ア・リーグ優勝決定シリーズが開幕し、10年ぶりのワールドシリーズ進出を目指すヤンキースがアストロズに快勝し、会心のスタートを切った。先発田中将大投手(30)が、6回1安打無失点。許した2走者も併殺で切り抜け、二塁を踏ませない完璧な投球だった。

米国でも大舞台に強いとの評判が定着した田中の、ポストシーズン防御率は1・32。重圧を乗り越える精神力こそ、真骨頂だった。「数字が残っているので、それを言われるのも分かるんですけど、何より喜びというのは、試合に勝った、自分の持っているものを出し切った、試合後のそういうところだけです」。最大の難関と思われた敵地初戦で快勝。「いい野球ができていると思う。次にマウンドへ上がる時までにしっかり準備したいと思います」。文句なしのスタートを切った。(ヒューストン=四竈衛)

▼田中が地区シリーズに続いて白星を挙げ、ポストシーズン(PS)通算5勝目。1シーズンでPS2勝した日本人投手は、07年松坂(レッドソックス)08年黒田(ドジャース)17年の前田、ダルビッシュ(同)田中(ヤンキース)に次いで6度目。複数シーズンで達成したのは田中が初。

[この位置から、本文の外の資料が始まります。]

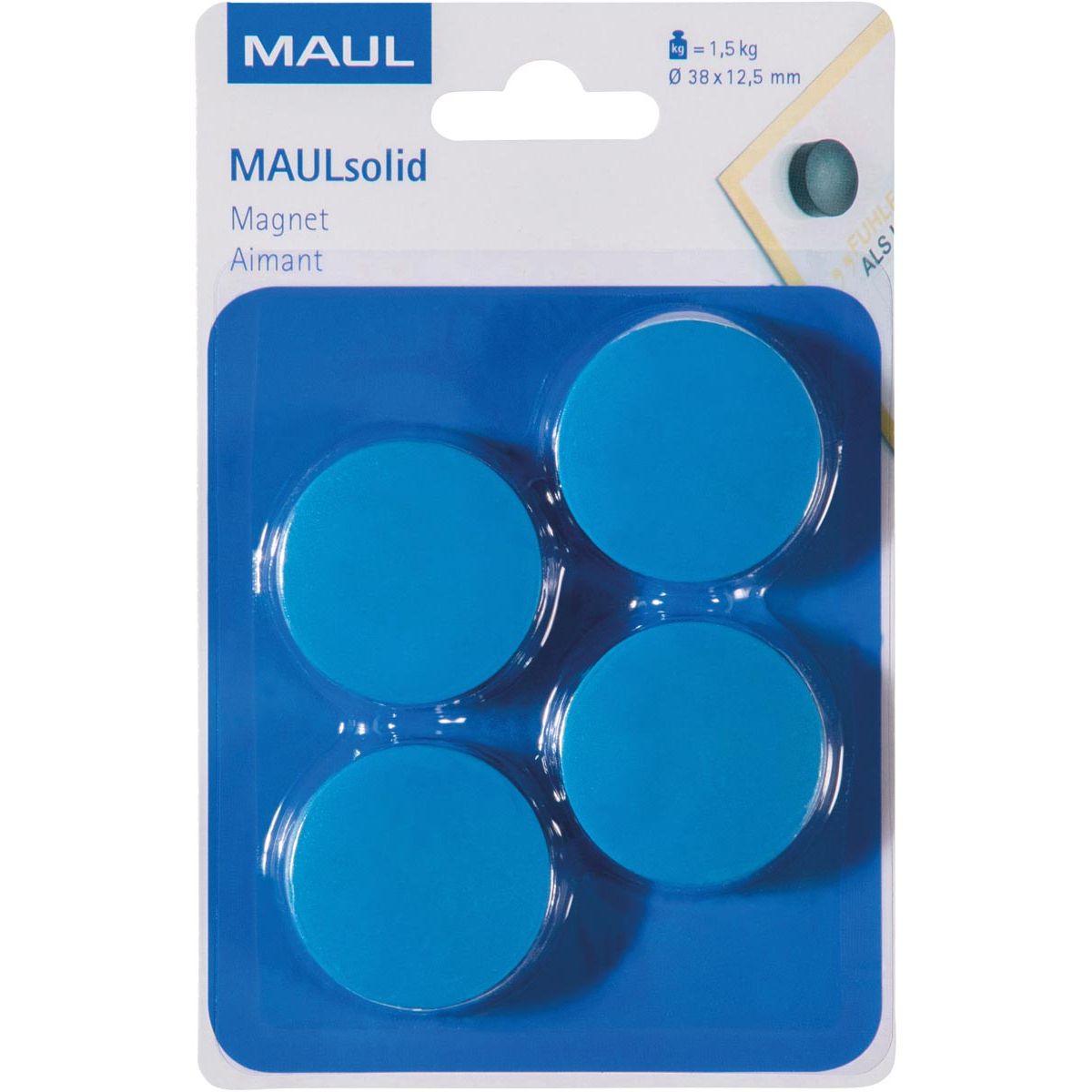 Maul - Magnet Solid, 38 mm, Zugkraft 1,5 kg, Blister à 4 Stück, blau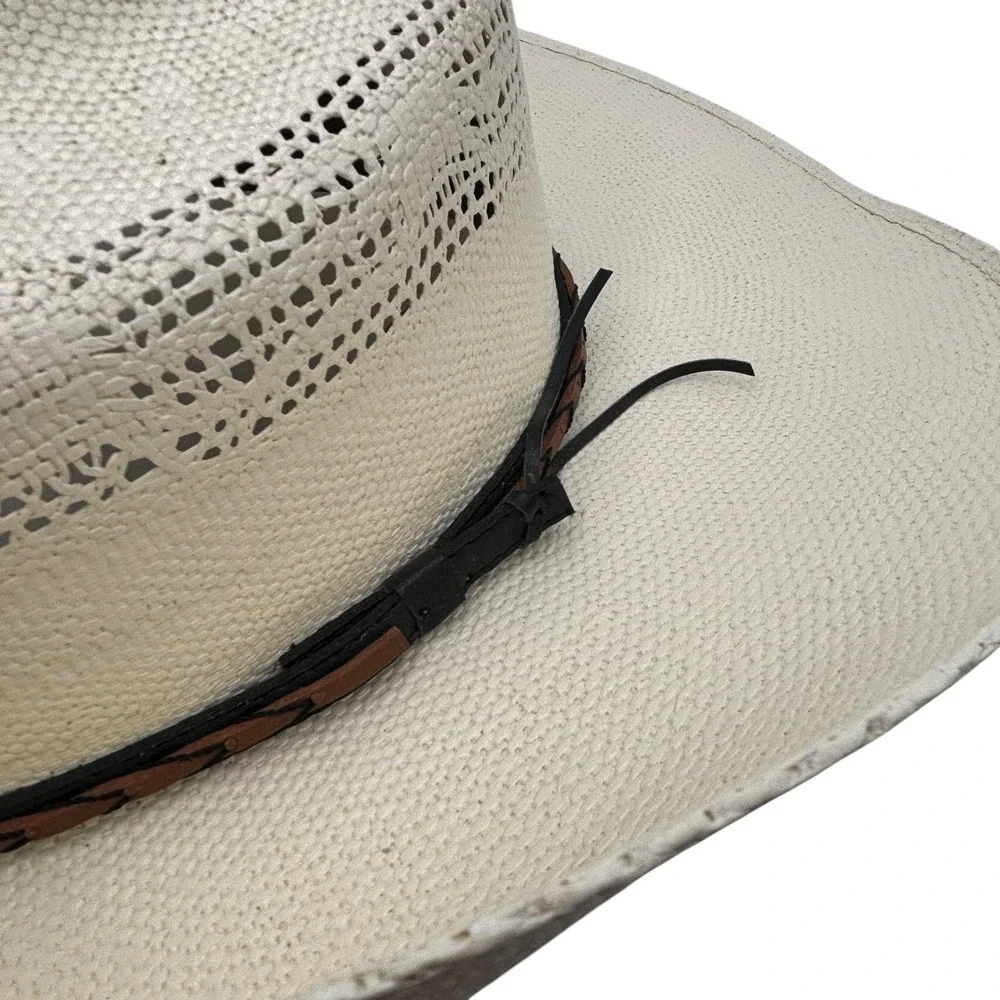 Wild Bill Hats Western Cowboy Hat Rodeo Branded Sz‎ 7 1/8 Mexico 57 White Cream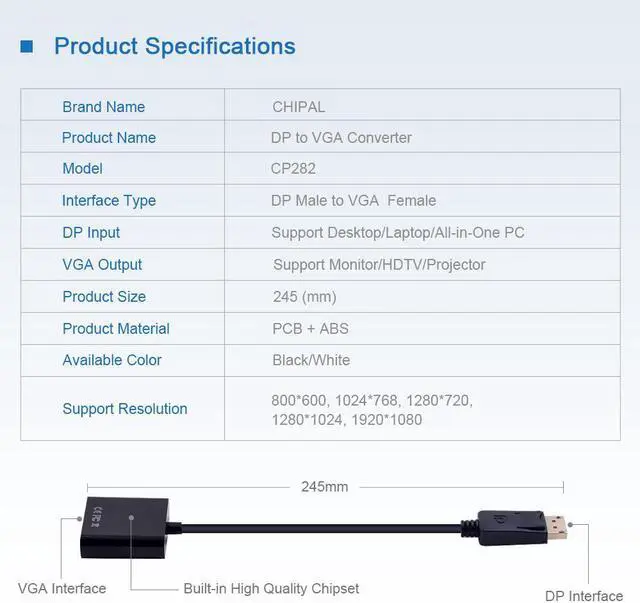 Alt view image 2 of 5 - DisplayPort Display Port DP to VGA Adapter Cable Male to Female Converter for PC Computer Laptop HDTV Monitor Projector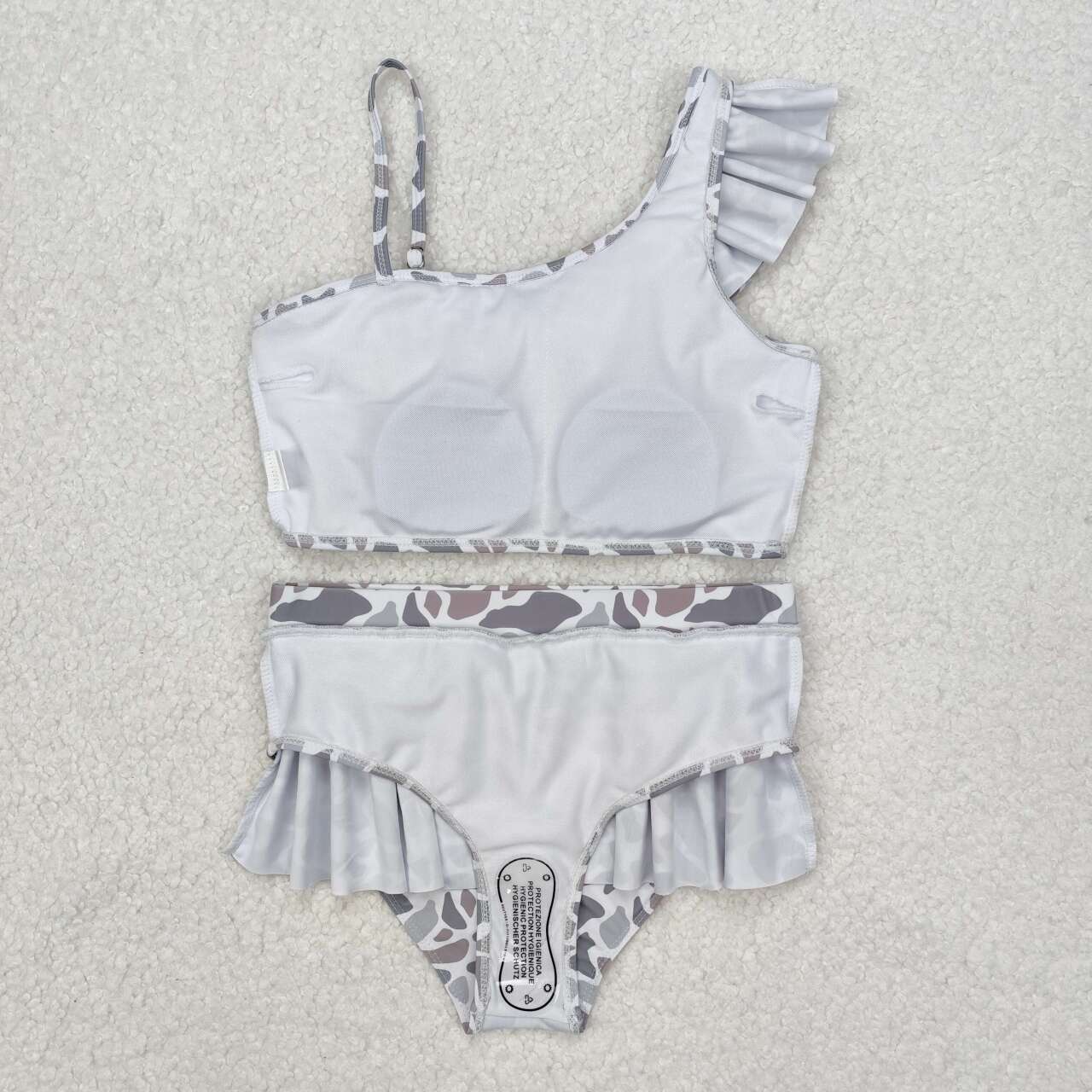 baby girls two pieces grey camo swimwear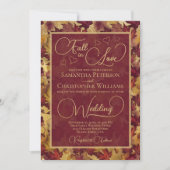 Invitation Fall in Love Burgundy & Gold Autumn Leaves Wedding (Devant)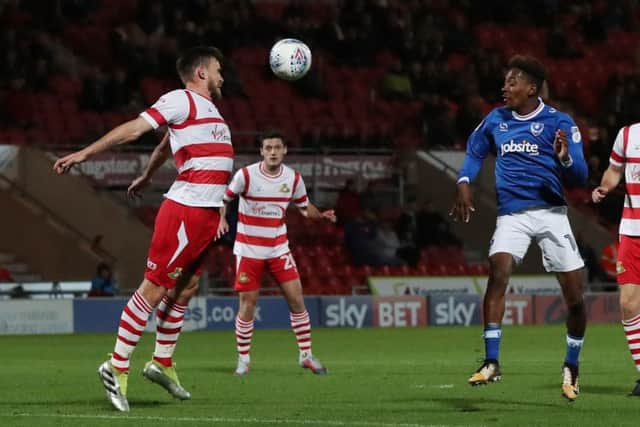 Jamal Lowe had a last-minute header saved at Doncaster. Picture: Paul Currie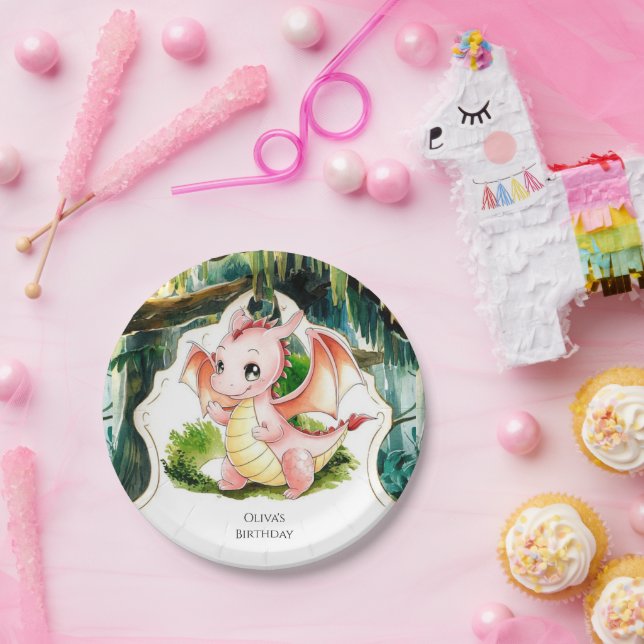 Enchanted Simple Dragon Birthday Paper Plates (Party)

▼PSでの先発は通算7度目で、日本人投手では松坂に並ぶ最多タイ。松坂は先発7試合で防御率4・79だったが、田中は同1・32。7試合中3試合で無失点に抑える安定した投球で、日本人最多を更新するPS通算5勝目を挙げた。

▼田中はデビューから最初のポストシーズン7試合すべてを2点以下に抑えており、これはサンディ・コーファックス(ドジャース)の6試合を抜き史上最長記録。